Exercise: Scan the records below for the line with "12 - Uncharted" and the line with "Nike Shox Tl – Verde | AV3595-012". Repeat those two lines and every line between them exactly, and nothing else.

Given data:
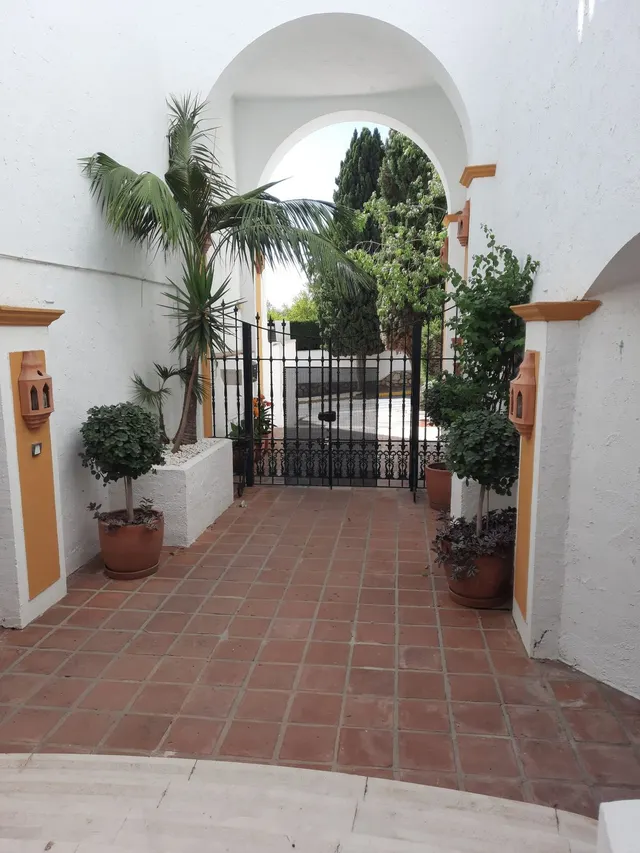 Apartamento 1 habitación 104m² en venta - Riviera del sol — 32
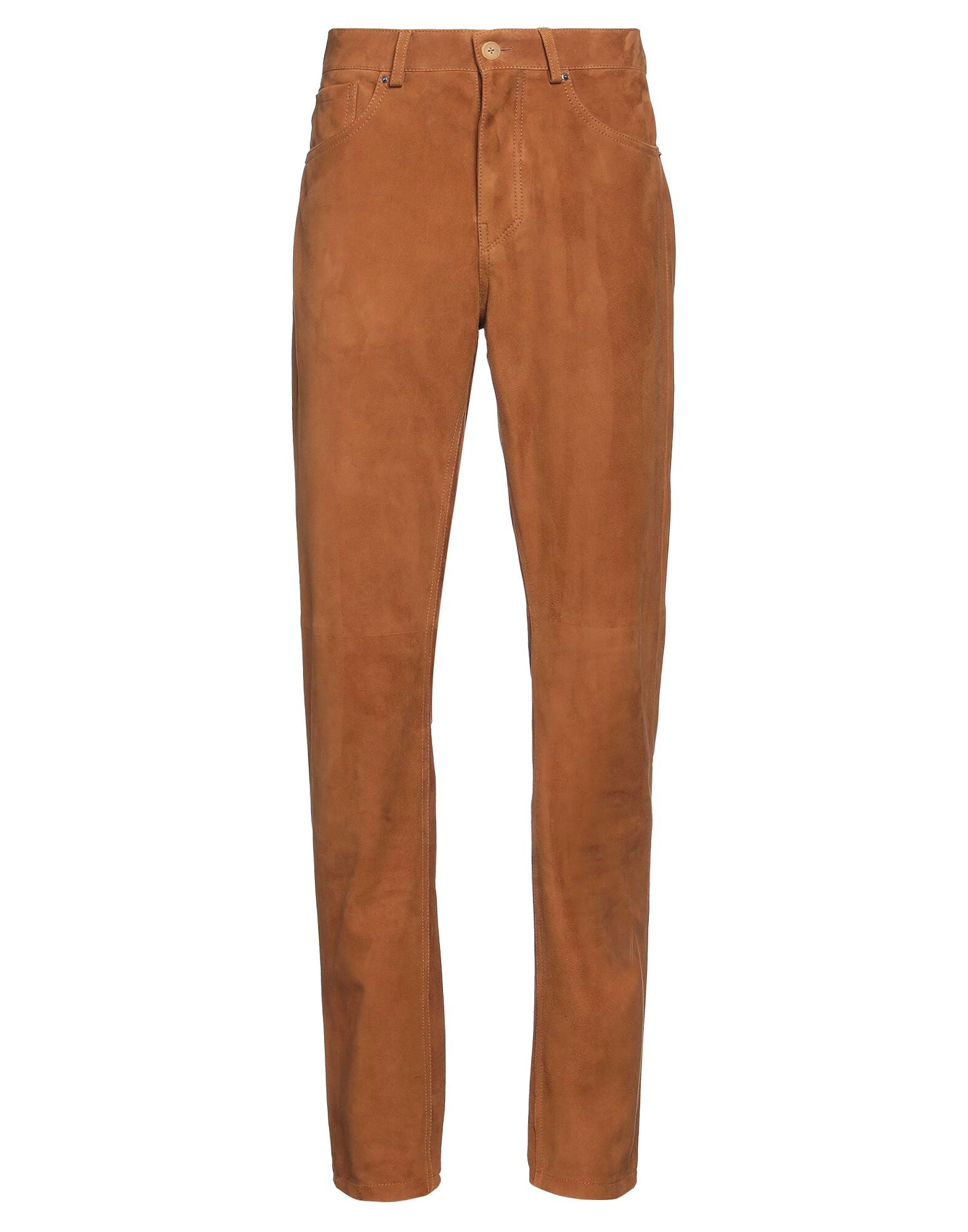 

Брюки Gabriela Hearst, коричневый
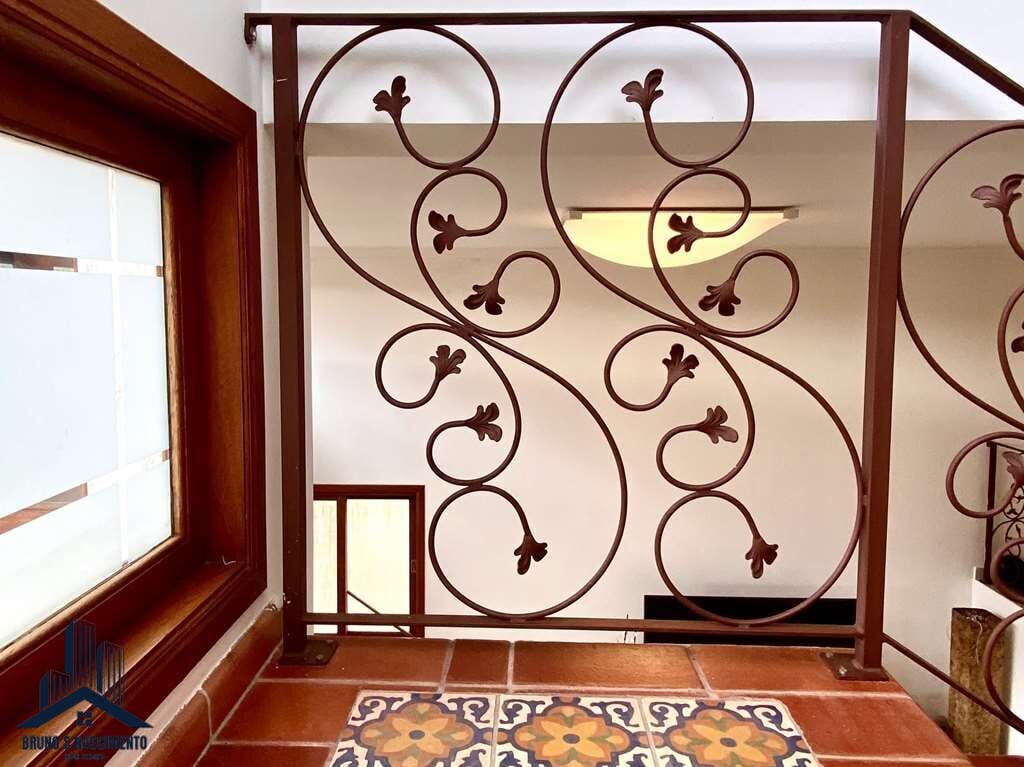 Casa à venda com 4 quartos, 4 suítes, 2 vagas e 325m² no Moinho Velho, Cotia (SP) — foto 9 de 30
---
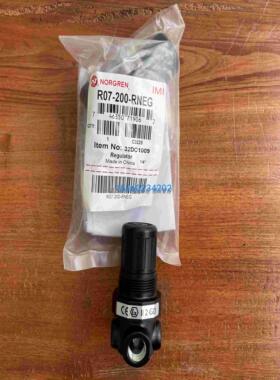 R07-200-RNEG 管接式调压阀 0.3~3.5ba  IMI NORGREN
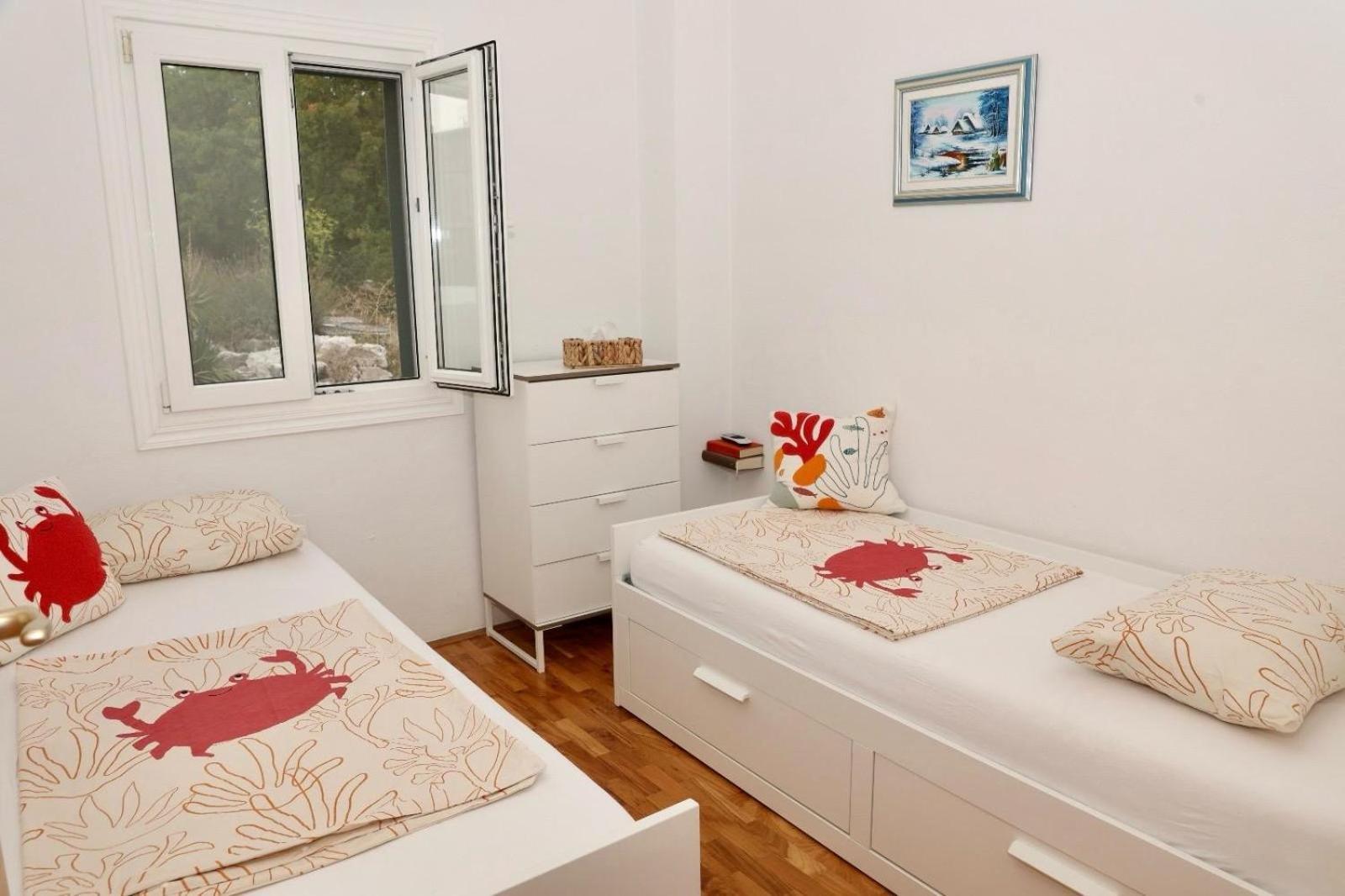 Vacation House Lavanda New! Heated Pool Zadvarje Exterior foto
--
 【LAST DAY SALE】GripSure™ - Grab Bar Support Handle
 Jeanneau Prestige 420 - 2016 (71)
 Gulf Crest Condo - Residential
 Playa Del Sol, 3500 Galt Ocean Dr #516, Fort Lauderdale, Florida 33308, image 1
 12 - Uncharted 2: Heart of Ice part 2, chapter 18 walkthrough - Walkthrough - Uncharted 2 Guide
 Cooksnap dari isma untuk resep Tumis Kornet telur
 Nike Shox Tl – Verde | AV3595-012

Answer for this exercise:
 12 - Uncharted 2: Heart of Ice part 2, chapter 18 walkthrough - Walkthrough - Uncharted 2 Guide
 Cooksnap dari isma untuk resep Tumis Kornet telur
 Nike Shox Tl – Verde | AV3595-012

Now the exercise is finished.